Advocates rally for amendment free school supt. selection bill, gas tax freeze
03/23/2015 04:17 PM
FRANKFORT – Two hundred public school students from around the state gathered on the steps of the State Capitol building to show their support for House Bill 236, sponsored by Rep. Derrick Graham which would allow students to be appointed to superintendent search committees.
Passage of the bill is in jeopardy due to an amendment added by Sen. C.B. Embry, R-Morgantown, who attached his “transgender bathroom” bill which would require students to use the bathroom of the sex that they were born.
It’s doubtful that the bill, which the amendment attached, will pass the House.
However, this afternoon, Embry was asked by Pure Politics if he has any plans to drop the amendment and he responded by saying that everything is in discussion at this time and he would have not comment until the discussions have concluded.
Graham told the students at the rally that it’s a student directive issue, which is why the bill is important.
“What best to show how you have been taught by your teachers across Kentucky, by using those critical thinking skills of being on a selection search for a superintendent in your district,” said Graham, D-Frankfort. “After all, you are the ones who will benefit from the leadership within your local school community.”
Sahil Nahir, a student at Paul Lawrence Dunbar High School in Lexington, who was one of two students who spoke at the rally, feels that students add a lot of value when it comes to their input in education policy.
“What we, as individuals bring to the table is that we’re the ones spending thirty hours in the classroom,” said Nahir. “We’re the ones receiving the education on a daily basis, so we have a great deal of value to add to the education value policy conversation.”
Ashton Bishop, a student at Green County Middle School, believes that everyone benefits from having students involved in the selection process.
“Students who are selected by peers to this position would have a chance to work with adult allies side by side to improve their school,” said Bishop. “As students, we know first-hand how so many of the decisions made at an administrative level affect us.”
Secretary of State Allison Lundergan Grimes, who was on hand to show her support for the students and passage of a clean bill, told the students that partisan politics should not get in the way of good public policy.
“We believe that good government can happen here and that we can come together to do good things for the future of the state of Kentucky,” said Grimes.
State Highway Department officials and workers rally for gas tax increase
State Highway Department officials and leaders from around the state told those at a rally in the State Capitol rotunda there could be some tough effects if the fuel taxes aren’t stabilized.
The fuel tax accounts for more than half of revenue that goes into the state’s road fund, which pays for highway and bridge construction and repair in the state and that revenue has plummeted due to low gas prices.

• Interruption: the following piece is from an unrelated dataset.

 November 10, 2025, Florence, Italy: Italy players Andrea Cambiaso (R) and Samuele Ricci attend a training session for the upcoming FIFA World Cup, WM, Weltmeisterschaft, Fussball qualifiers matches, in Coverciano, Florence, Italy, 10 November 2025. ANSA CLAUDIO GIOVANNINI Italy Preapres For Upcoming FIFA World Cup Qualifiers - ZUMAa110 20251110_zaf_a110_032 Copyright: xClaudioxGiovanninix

The variable excise tax rises, falls or stays unchanged from quarter to quarter on the basis average wholesale price (AWP) of motor fuels. The survey is conducted by the Department of Revenue in the first month of each quarter and the change in rate-if any- takes effect on the first day of the first month of the following quarter.
As a result of the January 2015 survey, the excise tax rate will drop by 5.1 cents to 16.1 cents per gallon due to lower gas prices, effective April 1, 2015. It marks the fifth decline in the last six quarters.
Secretary of the Kentucky Transportation Cabinet Mike Hancock said a drop in revenues are immediate and drastic.
“We already had to scale back county road aid this past January,” Hancock said. “We know that was an unwelcome sight for county officials. “A check that you depend on to run your transportation departments was smaller than you expected it to be.”
Simpson County Judge-Executive and president of the Kentucky Association of Counties Jim Henderson, says that if nothing is done by legislators, his county would suffer adverse effects due to a loss of funds.
“If the fuel tax drops in April, which its’ expected to do, Simpson County will lose $550,000 of funding to local rural roads and city streets,” Henderson said.
Opponents like Americans for Prosperity, has launched a media campaign against the proposal stating that raising freezing the gas tax amounts to a tax increase.